Winter in Oregon can be a tough time for many living species, but for mold, wet winter months are the perfect conditions for the growth of dangerous mold spores.
Mold loves damp, wet places, and thrives in these humid conditions, quickly infecting your home.
Mold isn’t just unsightly (and smelly!): mold can grow undetected for years and slowly eat away at your home’s internal structures, affecting their integrity and destroying your home bit by bit.
More dangerously, some types of mold can produce mycotoxins that are toxic and can trigger several health issues, such as asthma, allergies, sinus infections, and headaches, warns the Center for Disease Control and Prevention.
Preventing mold from growing is the best way to keep your health and homes strong and healthy. Keep reading to find out what you can do to prevent mold infestation in your home.
What is mold?
Mold is a generic name for all sorts of fungi that grow and multiply: it only needs moisture and a food source like wood to grow.
In nature, mold serves a useful purpose: decomposition. However, in the home, mold can be dangerous for humans and damage your home structurally and aesthetically.
Many homes in Oregon have water damage from our wet seasons, and this provides ideal conditions for mold to grow. The small spores of mold quickly reproduce and drift through the air and around your home, and potentially into your lungs.
You may see ugly patches of black, brown, pink, or green growths on shower doors, walls, or other visible areas—or you may not be aware at all that mold is growing in your attic, behind the walls, or under your carpets.
Finding mold: 5 signs to look for
1. Uneven or poor attic insulation
Uneven, bulgy insulation in your attic can indicate the presence of water damage from roof leaks, and this can create perfect conditions for mold.
If your attic air circulation and insulation is poor, you won’t have proper ventilation and mold is likely to grow.
Mold spores can travel through very small openings, and can make their way from the attic down to the rest of the house. If you spot water leaks in your attic, it’s important to get them fixed before mold takes over.
2. Soft, spongy floorboards
You know that feeling in old houses when the wooden floorboards seem to give way under your feet?
It’s likely that a soft, spongy area on hardwood floors indicated rotten wood, which will need to be replaced. If you don’t replace spongy, wet floorboards, mold can continue to grow and spread.
3. Bubbling paint on walls
Have you ever noticed how paint seems to ‘bubble’ sometimes on a wall? This usually indicates water damage and internal moisture in the wall.
Painting over the bubbles won’t solve the problem: you need to find the source of the leak and fix it, and then remove the mold.
4. Visible signs of mold
Look carefully at walls, windows, and floorboards. Mold is commonly found in bathrooms, laundry rooms, and other areas where moisture is likely to become trapped.
Mold and mildew are often confused: the type of mold you have will determine how you get rid of it.
Mold can grow in patches that penetrate the surface of the material it’s growing on. Mold can be black, green, pink or other colors and tends to grow on walls and inside permanent structures. It’s fuzzy and slimy, with irregular shaped spots.

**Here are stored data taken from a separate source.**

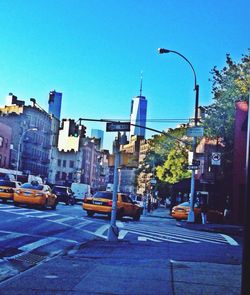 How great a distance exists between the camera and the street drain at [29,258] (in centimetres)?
995

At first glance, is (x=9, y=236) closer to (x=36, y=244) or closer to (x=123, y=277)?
(x=36, y=244)

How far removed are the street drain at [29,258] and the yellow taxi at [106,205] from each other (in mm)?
16855

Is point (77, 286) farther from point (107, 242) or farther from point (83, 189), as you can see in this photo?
point (83, 189)

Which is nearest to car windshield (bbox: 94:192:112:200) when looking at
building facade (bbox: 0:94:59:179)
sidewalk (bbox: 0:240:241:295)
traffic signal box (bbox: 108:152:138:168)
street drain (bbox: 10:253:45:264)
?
traffic signal box (bbox: 108:152:138:168)

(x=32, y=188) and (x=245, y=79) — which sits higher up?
(x=245, y=79)

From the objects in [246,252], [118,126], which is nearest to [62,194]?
[118,126]

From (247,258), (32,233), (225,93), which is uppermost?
(225,93)

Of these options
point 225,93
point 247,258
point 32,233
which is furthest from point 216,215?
point 247,258

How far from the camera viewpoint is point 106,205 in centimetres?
2781

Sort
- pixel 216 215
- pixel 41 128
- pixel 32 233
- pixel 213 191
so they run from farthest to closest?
pixel 41 128 → pixel 213 191 → pixel 216 215 → pixel 32 233

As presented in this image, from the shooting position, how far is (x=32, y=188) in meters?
30.8

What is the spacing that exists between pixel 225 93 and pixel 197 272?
3165 cm

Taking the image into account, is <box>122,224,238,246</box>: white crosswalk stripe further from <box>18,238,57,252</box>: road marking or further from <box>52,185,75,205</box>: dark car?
<box>52,185,75,205</box>: dark car

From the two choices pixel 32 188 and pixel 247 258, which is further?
pixel 32 188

Mildew, on the other hand, is powdery, white or grey, smells strongly, and tends to grow on organic surfaces and materials. Mildew (a type of mold) typically remains flat on the surface of the material.
5. Unexplained physical symptoms
Have a persistent sinus infection, coughing, or itchy throat or eyes, and it just doesn’t seem to go away? If you’ve consulted a doctor and your condition isn’t improving, consider the possibility that your health issues are being caused by mold.

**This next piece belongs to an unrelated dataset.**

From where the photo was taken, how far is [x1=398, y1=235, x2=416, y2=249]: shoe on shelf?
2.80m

Make an inspection of your house, call in a professional if you need to, and mention the possible presence of mold in your home to your doctor.
How to get rid of mold
Mold is everywhere, but you can make your home inhospitable to it.
- Fix water leaks as soon as you spot them and remove sources of excess moisture
- Install a strong vent or fan in the bathroom (and remember to use it when showering)
- Open windows when cooking and for 10-15 minutes every day if possible
- Immediately dry and remove wet carpets, fabrics, furniture, and curtains
- Make sure you have adequate ventilation in all rooms of your home
- Clean out your gutters regularly to prevent leaks
- Inspect your walls, attic, crawl spaces, and roof regularly for signs of moisture
- Keep a little space between your furniture and the wall so air can pass between them
- Use your air conditioning in humid weather and your heating in cold seasons
Call in the professionals
You can remove small amounts of mold and mildew with bleach and water (wear protective gear), but larger areas will have to be removed by professionals.